England's Paper Lace may be considered a 1-hit wonder here in the US, but they actually had something to do with a 2nd 1-hit wonder.
You see, Paper Lace had recorded "Billy, Don't Be a Hero" before Bo Donaldson & the Heywoods did, and their version topped the British charts before Donaldson similarly reached the top of the Hot 100. Paper Lace barely cracked the Hot 100 here. Then, their 2nd and final American single, "The Night Chicago Died", went all the way to #1.
"The Night Chicago Died" is set during the Prohibition era of the 20's, and references Al Capone in the lyrics. Fittingly, reruns of the original The Untouchables were in syndication at the time this song climbed the charts in 1974.
Edit, 4/23/22: Had to change the video. This clip mixes archived footage from Chicago's past.
2 comments:
When this song came out, we who actually lived in Chicago had a major laugh at the expense of the performers.
Where to start?
First of all, Chicago doesn't have an "East Side" - old or otherwise.
There's a North Side - that's where the Irish, German, and Jewish gangsters held sway.
There's a West Side - that's where the Italian-Sicilian faction was based, extending into Western suburbs like Cicero and Berwyn (Berwyn?).
And of course the South Side, which was the object of many of the ongoing Unpleasantnesses.
And satellite areas like the Southwest Side, which is where I'm from. We just watched, and stayed out of the way as much as possible.
Other satellite areas were Southeast and Northwest, but I think you get the idea.
"The Old East Side?"
That might be the Lakefront, where the Rich People lived - but the Mobs steered clear of that part of town; those were the paying customers for booze, dope, and sex, and they didn't care who got killed, as long as it wasn't them.

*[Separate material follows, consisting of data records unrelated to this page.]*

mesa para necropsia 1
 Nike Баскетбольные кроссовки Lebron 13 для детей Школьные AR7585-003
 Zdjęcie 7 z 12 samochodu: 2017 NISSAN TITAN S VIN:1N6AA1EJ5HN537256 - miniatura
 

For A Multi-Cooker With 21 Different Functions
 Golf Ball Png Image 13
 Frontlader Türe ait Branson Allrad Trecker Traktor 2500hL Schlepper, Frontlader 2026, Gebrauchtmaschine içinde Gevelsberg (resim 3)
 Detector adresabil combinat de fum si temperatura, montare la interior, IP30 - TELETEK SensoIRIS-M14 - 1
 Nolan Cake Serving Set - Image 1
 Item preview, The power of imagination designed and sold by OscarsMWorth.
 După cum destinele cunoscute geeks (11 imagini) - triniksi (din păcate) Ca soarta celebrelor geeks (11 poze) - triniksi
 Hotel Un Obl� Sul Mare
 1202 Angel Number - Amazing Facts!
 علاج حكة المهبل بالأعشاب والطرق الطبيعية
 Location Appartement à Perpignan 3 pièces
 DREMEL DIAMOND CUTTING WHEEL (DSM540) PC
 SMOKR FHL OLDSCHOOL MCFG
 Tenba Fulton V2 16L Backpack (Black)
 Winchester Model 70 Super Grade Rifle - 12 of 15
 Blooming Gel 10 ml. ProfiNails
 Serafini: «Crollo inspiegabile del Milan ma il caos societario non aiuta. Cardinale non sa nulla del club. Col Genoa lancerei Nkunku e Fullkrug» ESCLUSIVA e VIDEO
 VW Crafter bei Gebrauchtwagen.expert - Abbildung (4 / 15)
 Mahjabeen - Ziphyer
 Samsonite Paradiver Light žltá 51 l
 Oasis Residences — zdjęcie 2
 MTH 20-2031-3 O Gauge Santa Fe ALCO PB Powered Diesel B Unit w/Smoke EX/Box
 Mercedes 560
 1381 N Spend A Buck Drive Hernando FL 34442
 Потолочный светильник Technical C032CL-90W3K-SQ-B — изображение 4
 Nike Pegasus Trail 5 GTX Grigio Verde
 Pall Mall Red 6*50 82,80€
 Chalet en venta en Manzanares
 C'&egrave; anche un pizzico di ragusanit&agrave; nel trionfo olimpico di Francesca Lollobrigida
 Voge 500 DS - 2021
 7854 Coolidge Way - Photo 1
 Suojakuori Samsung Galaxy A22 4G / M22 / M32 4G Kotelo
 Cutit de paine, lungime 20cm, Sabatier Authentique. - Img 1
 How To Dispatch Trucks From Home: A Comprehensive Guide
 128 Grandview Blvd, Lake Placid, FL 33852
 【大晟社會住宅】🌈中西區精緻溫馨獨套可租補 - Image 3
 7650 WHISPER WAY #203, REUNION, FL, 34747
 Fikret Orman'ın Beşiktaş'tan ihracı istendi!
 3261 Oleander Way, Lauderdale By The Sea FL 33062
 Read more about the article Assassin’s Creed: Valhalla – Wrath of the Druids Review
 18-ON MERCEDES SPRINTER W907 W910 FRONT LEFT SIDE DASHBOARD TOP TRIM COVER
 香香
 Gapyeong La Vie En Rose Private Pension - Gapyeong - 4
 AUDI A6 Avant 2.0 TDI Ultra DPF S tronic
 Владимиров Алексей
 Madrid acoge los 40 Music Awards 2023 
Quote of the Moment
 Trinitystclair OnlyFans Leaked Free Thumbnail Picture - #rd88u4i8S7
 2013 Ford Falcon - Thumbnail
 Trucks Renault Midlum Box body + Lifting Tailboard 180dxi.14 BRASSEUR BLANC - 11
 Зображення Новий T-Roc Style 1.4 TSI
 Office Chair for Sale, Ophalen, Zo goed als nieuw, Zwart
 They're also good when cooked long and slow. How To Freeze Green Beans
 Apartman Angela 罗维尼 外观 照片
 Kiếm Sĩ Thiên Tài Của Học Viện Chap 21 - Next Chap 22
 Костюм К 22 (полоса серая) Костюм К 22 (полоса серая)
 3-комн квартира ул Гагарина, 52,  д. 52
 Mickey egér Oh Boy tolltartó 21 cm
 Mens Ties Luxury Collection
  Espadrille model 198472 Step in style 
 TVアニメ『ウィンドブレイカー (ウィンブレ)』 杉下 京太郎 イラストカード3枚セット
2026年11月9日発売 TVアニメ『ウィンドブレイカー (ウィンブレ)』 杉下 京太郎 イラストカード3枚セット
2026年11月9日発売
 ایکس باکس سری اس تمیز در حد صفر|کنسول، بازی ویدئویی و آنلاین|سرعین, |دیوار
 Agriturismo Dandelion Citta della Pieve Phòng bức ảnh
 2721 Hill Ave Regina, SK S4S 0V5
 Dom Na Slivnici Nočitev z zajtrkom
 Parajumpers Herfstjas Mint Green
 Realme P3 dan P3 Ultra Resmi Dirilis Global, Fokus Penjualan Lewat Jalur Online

The sillyass Brit rockers who came up with this dumb song obviously got their "history" from old Warner Bros movies, conflating with the ones set in Manhattan (which of course does have a Lower East Side - but that's another story ...).
Oh, and any and all gun battles tended to happen in the dead of winter, and well out of public view.
This is all kidding, of course - nobody takes a Britrock song seriously as history.
Funny thing, though - we in the Cities are curiously protective of our Gangster Pasts.
It's not unlike the way Americans love the myths of the Wild West - the more mythical the better.
Ultimately, what bugged us about "The Night Chicago Died" was that it's such a stupid song.
Historical inaccuracies never stopped anything from being successful, unfortunately.